Reno wird von Sandro betrogen, und in der Folge fährt sie in einer Art Kurzschlusshandlung mit einem Mitarbeiter der Valera-Werke und Aktivisten der Brigaden nach Rom, wo sie sich in den bewaffneten Kampf verstrickt und zuletzt dem Aktivisten zur Flucht über die Grenze verhelfen muss. Die Skirennfahrerin, Künstlerin und Motorradfahrerin wird einmal mehr zur Statistin, Helferin und Zuschauerin degradiert und erwartet schliesslich schlotternd in der Kälte den Flüchtigen jenseits der Grenze.
Der Roman hat ein grosses Echo gefunden, viele enthusiastische Stimmen, ebenso wie einige kritische und ablehnende, die ihm Oberflächlichkeit und Redundanz vorwerfen. Ich gehöre zur Gruppe der enthusiastischen Befürworter und finde das Buch absolut faszinierend. Nachfolgend einige kommentierte Links zu Rezensionen, Kommentaren und Hintergrundinformationen im Internet:
Das Team des Literaturclub SRF (Christine Lötscher, Martin Ebel, Thomas Strässle, Nicola Steiner) wirft dem Roman etliche Schwachstellen vor; nur Christine Lötscher verteidigt die Autorin ohne Vorbehalte.
http://www.srf.ch/play/tv/popupvideoplayer?id=61bf2f9c-2842-465b-95cf-ea73ba2ebeda#/
Carto, ein amerikanischer Blogger, liefert interessante und aufschlussreiche Hintergrundinformationen mit Bildmaterial zu Personen, Motorrädern, Filmen und Schauplätzen.
https://cartoslibrary.wordpress.com/2013/03/16/china-girl-on-an-italian-motorcycle/
Ijama Mangold (Zeit Online) schreibt eine ausführliche und ausgewogene Zusammenfassung des Inhalts und fokussiert in seinen Überlegungen auf philosophische und weltanschauliche Fragen. Einzig die Fragen des «Besuchers» an die Autorin am Anfang des Artikels hätte sich der Rezensent meiner Ansicht nach sparen können.

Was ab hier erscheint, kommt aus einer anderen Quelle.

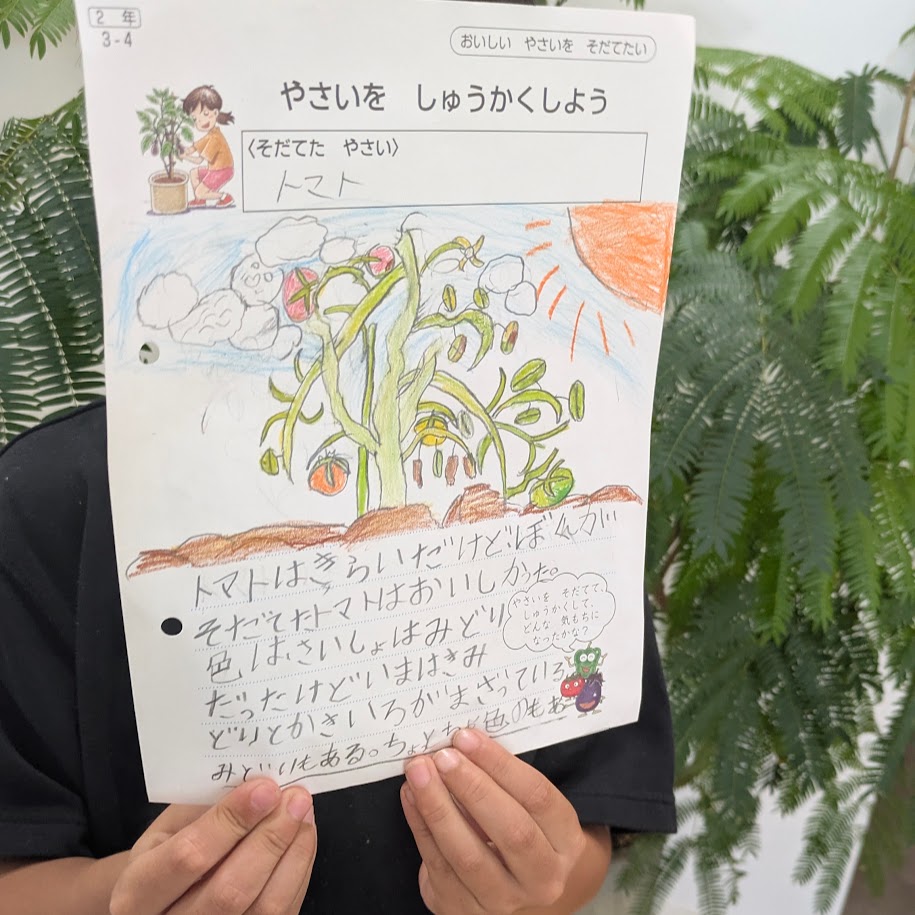こどもの絵日記　小２　ミニトマト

http://www.zeit.de/2015/13/rachel-kushner-flammenwerfer-tom-wolfe-radical-chic/komplettansicht
Wieland Freund (Die Welt) geht in vielen kleineren Abschnitten seinen Gedanken und Assoziationen nach, die ihn bei der Lektüre begleitet haben. Er öffnet damit eine anregende kaleidoskopische Sicht auf kleinere und grössere Einzelheiten und Themen des Romans.
http://www.welt.de/kultur/literarischewelt/article137930797/Das-schnellste-Buch-der-Welt.html
Homepage von Rachel Kushner.
http://www.rachelkushner.com/about.html
Curated by Rachel Kushner: The Flamethrowers (The Paris Review): Der gleiche Text ist als Nachwort des Romans abgedruckt; online allerdings mit mehr Fotos angereichert.

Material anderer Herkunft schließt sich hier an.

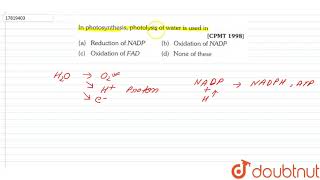 In photosynthesis photolysis of water is used in [upl. by Sofko333]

http://www.theparisreview.org/art-photography/6197/the-flamethrowers-rachel-kushner
Insurrection: An Interview with Rachel Kushner (The Paris Review, April 2013).

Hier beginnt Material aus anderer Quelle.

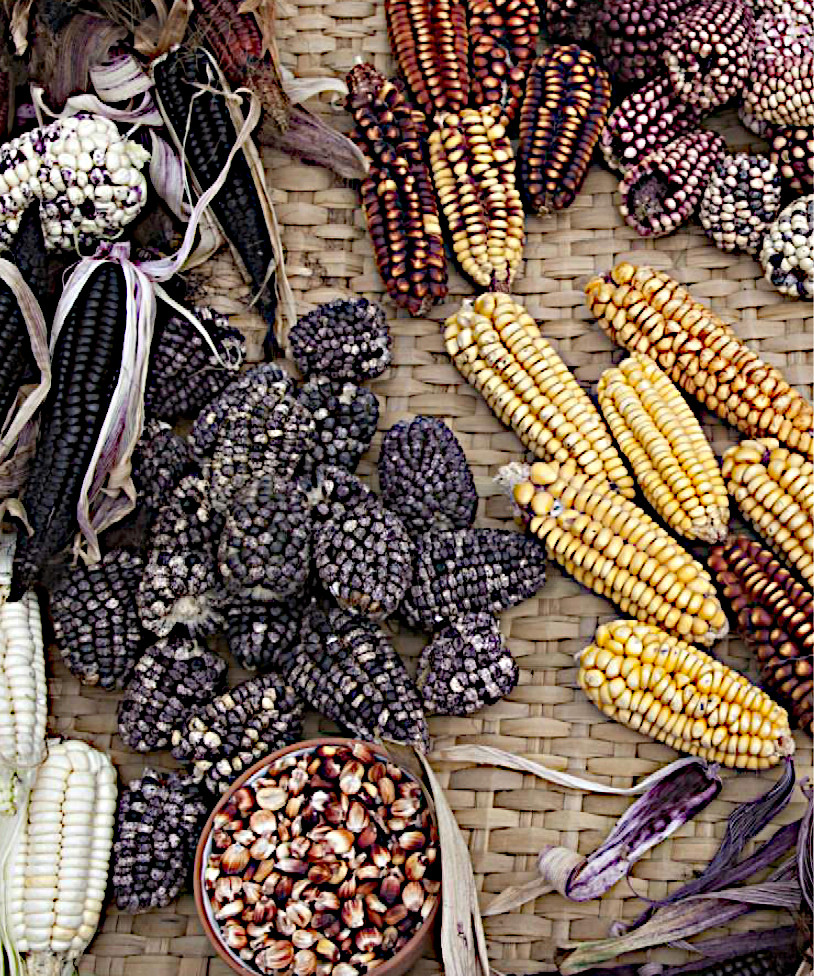 Corn. Photograph by Nicholas Gill. The preservation of heirloom corn varieties, like these in Peru’s Urubamba Valley, are essential for the survival of Latin America’s ancestral cuisines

http://www.theparisreview.org/blog/2013/04/03/insurrection-an-interview-with-rachel-kushner/
[1] Unter den Isonzoschlachten (1915 – 1917) versteht man zwölf blutige Auseinandersetzungen im ersten Weltkrieg zwischen Italien und Österreich-Ungarn. Benannt wurden sie nach dem Fluss Isonzo, um dessen Tal sich die Fronten zogen. Das Gebiet liegt grösstenteils im heutigen Slowenien.